俞家輝現在就如同驚弓之鳥,因為那反派兒子,心裏始終有根弦緊繃著,總覺得隨時要出事。

此時看見亮光,腦子裏第一個念頭就是:

是不是抓著那狗東西了?!

又或者,比這件事還要可怕的事!

俞家輝趕忙拉亮電燈作為回應。

徐英被亮眼的燈光刺的睜不開眼,但是也咕嚕一下從炕上爬起來:

“出什麽事了?”

俞家輝慌忙穿衣服,怕徐英也跟著擔驚受怕,故意用一種平和的聲音說:

“沒什麽,外邊好像有人。

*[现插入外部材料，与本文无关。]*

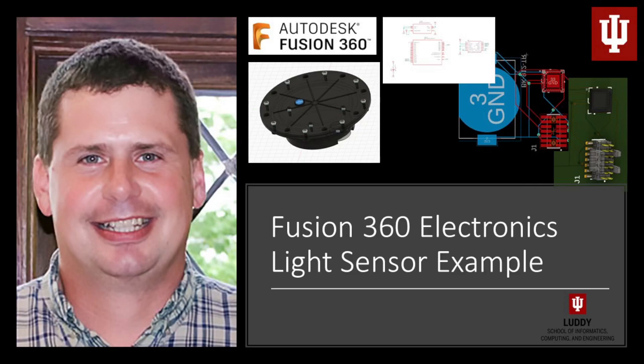Welcome, this is Bryce Hindbaugh. I'm with Indiana University in the School of Informatics, Computing, and Engineering, specifically in the Intelligent Systems Engineering department. This is a series of videos about how to use Fusion 360 to design a board, specifically for an embedded systems class that I teach here.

”

徐英聽說外面有人,哪裏還能淡定,立馬慌了。

能不慌嗎?

本來就有些心驚膽戰的,突然聽到大半夜外面有人,換誰誰不害怕。

見俞家輝穿上衣服要出去,徐英連忙提醒:

“門後有斧頭,你提上斧頭!”

這個時候,睡在裏間俞小野房間的沈瓷突然問道:

“叔,嬸,怎麽了?”

因為決定好第二天要帶沈瓷去農場醫院做流產,所以他們今晚就把沈瓷叫到家裏來住著,好明天一大早帶她過去。

沈瓷睡在俞小野的房間裏心緒難平難以入睡,一直到過了十二點才迷迷糊糊睡下,但睡的一點也不安穩,聽到外面老兩口的動靜,立馬清醒了。

聽到沈瓷醒了,俞家輝安慰道:

“沒什麽事,我出去看看,你們在屋裏睡。”

兩個女人哪裏能睡得下,都跟著穿衣起床。

俞家輝下了炕,來到外間,先拿了大門鑰匙,又看了眼放在門後的斧頭,猶豫了一下,還是悄悄拿起來,別在後腰上。

出了堂屋門,昏暗的星光裏,隱約看見柵欄門外面站著幾個人影。

俞家輝不敢驚動左右鄰居,一直等快走到門口時才小聲又警惕地問:

“誰?”

“爸——”

一聲“爸”,俞家輝心臟更是瘋狂跳起來:

“小野,小野你咋來了,發生啥事了?”

半夜三更突然聽到遠在外地的閨女回家,換成誰都以為發生了什麽不測。

這時候,周自衡開口了:

“俞叔,沒事。”

俞家輝聽到周自衡也在,瞬間長松了一口氣,他知道,有周自衡在,小野不會發生任何意外。

俞家輝狂跳的心終於落回肚子裏。

等走到門口時,俞家輝掏出鑰匙房門,一眼看見

了第三個人。

看見那一米八幾的大個頭,那虎背熊腰的身材,俞家輝瞬間血壓飆升,後腰別著的斧頭像長了手腳似的開始蹦跶。

俞家輝往後摸了下斧頭,示意斧頭先別蹦,然後故作淡定地打開門鎖。

門一開,周自衡拽著俞大野的胳膊往裏甩:

“進去!”

俞大野踉蹌著被推進院子,瑟瑟發抖道:

“爸——”

俞家輝心裏咆哮:

我不是你爸!

我沒你這個兒子!

要不是怕大半夜的驚動別人,俞家輝早罵開了。

還好,盛怒之下,俞家輝總算勉強保持住了理智。

等人都進來後,俞家輝又哆嗦著手把院門鎖上。

俞家輝手哆嗦,不是害怕,更不是緊張,是在努力克制,克制自己先別動手。

此時此刻,他也不管小野到底是從哪個灰堆裏把這狗崽子扒拉出來的,他只恨現在是大晚上,不方便動手,怕吵著鄰居。

這要是白天,俞家輝絕對先把人送民兵股小屋,先來一套“農場十大酷刑”熱熱身,然後再仔細審問。

好死不死的,怎麽大半夜回來,動手都不方便!

俞家輝鎖上院門,轉身朝堂屋走。

前面俞小野已經先推門進屋。

堂屋門打開,徐英躲在裏間門旁朝外張望,想看看來人是誰,沒料到,最先進來的,居然是小野。